Diane Frost’s From the Pit to the Market is a wide-ranging account of Sierra Leone’s diamonds, past and present. The narrative takes readers from the country’s mining centers to the global market for stones, regularly contextualizing the nation and its mineral resources in much broader, regional, and international processes. As such, Frost deftly navigates a remarkable amount of source material—including colonial archives and contemporary development reports from an array of international agencies—from which she crafts an accessible, if dense, text that offers utility to a number of different groups of readers.

At the onset, Frost indicates that the book will examine the “social, economic and political role that diamonds have played in Sierra Leone’s development” (1) since their discovery during the British colonial period in the 1930s. To this end, she centers on diamonds as she takes the reader through the history of the colony-cum-independent nation. Readers will likely be at least somewhat familiar with the diamond-fueled violence that prompted the Hollywood film Blood Diamonds, as well as a variety of other popular culture contributions. In From the Pit, Frost expertly traces back through time to the origins of the conflict, residing in “more complex and deep-rooted historical, socio-economic and political factors” (1). In fact, this is one the book’s core arguments.

Frost’s other framing argument resides beyond the conclusion of the country’s brutal civil war, as she contends: “Sierra Leone has become the victim of resource predation as afar as diamonds are concerned as the search for valuable minerals or scarce resources continues unabated” (1). She subsequently paints a compelling picture of local elites and multinational mining companies colluding to enrich themselves while indifferently impoverishing the nation’s populace and draining its finite mineral resources.

The book is organized into two parts, with the first focusing on different facets of Sierra Leone’s diamond industry, past and present. The second places the nation’s contemporary diamond industry in a global context to consider, for example, how these stones reach the market (both through legal and illicit means); the efficacy, or lack thereof, of the Kimberley Process (instituted to stem the flow of “blood” or “conflict” diamonds); and the ways in which international exploitative practices and policies adversely affect so many (even those individuals at the very bottom of the “diamond chain.” Each part features a series of chapters that are well organized both topically and in terms of their respective lengths.

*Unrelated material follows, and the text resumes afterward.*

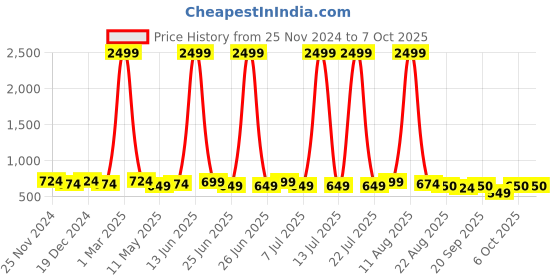 myntra.com SILK SPARROW Girls Panelled Gotta Patti Kurta with Sharara & With Dupatta silk sparrow Price History Graph from 25 Nov 2024 to 4 Oct 2025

Frost is at her best when mining the secondary-source literature in order to examine, for example, debates regarding the origins and impetuses for Sierra Leone’s protracted, horrific civil conflict in the 1990s and 2000s. She is seemingly equally as comfortable distilling United Nations and governmental reports into manageable bites so that the reader can better understand the ongoing, if oversimplified, debates regarding whether mineral resources constitute a “blessing or a curse” (13). Given her willingness to engage with these various source materials, it is difficult to associate the book with a particular discipline, which I would argue is actually one of the text’s many strengths. Frost is a sociologist but one could imagine a political scientist or even a policy wonk eagerly consuming this work as well.

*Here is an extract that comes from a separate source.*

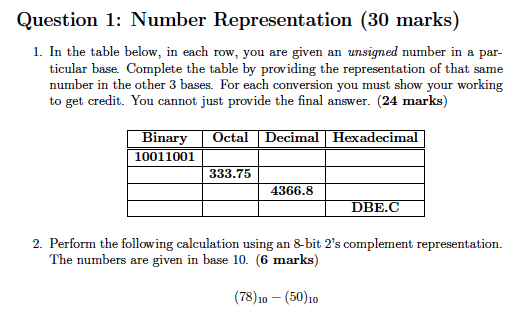 Solved Question 1: Number Representation (30 marks) 1. In | Chegg.com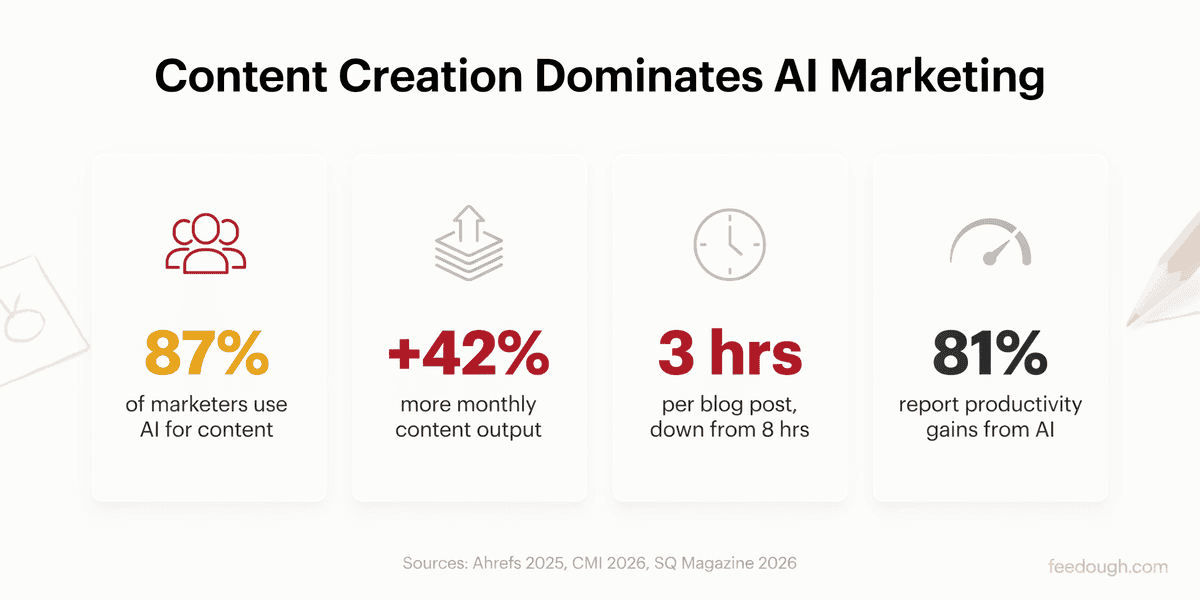 Content Creation Dominates the Landscape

Frost’s efforts to capture the voices of individuals involved in the contemporary mining and selling of diamonds in Sierra Leone should be applauded. The oral testimony she gathered illuminates aspects of this story that reports issued by international governing bodies routinely elide. However, Frost seems uncomfortable, and even defensive, deploying this oral evidence. At one point, she avers that this type of evidence is “not ‘typical’ in the objective, scientific sense” (121), implying that its analytical value is somehow inferior to the explanatory value of written forms of evidence. At another point, she places the word evidence in quotation marks when referring to the oral testimony she has gathered, which casts doubt on its validity even as she defends its inclusion. Somewhat unbelievably, two of the four appendices offer rationale, insights into, and further defense of this methodology. Perhaps hindered by the disciplinary bounds that dictate the evidentiary parameters of sociological research, her awkward engagement with the valuable oral testimony that she has—with considerable difficulty—gathered undermines the very efficacy that this evidence should have.

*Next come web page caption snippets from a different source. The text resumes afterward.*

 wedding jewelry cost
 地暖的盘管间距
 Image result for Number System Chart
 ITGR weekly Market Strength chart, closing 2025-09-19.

This concern aside, Frost’s work is a welcome addition to the existing literature on Sierra Leone’s recent history. Scholars from across an array of disciplines can confidently rely on different aspects of this work as they pursue more focused micro-studies on their topics of choice. Frost has crafted a book that has broad utility, which is a testament to her comfort in navigating such a range of source materials. The reader’s understanding of Sierra Leone’s peoples, resources, and position in global economic and political contexts is significantly deepened because of Frost’s prodigious efforts.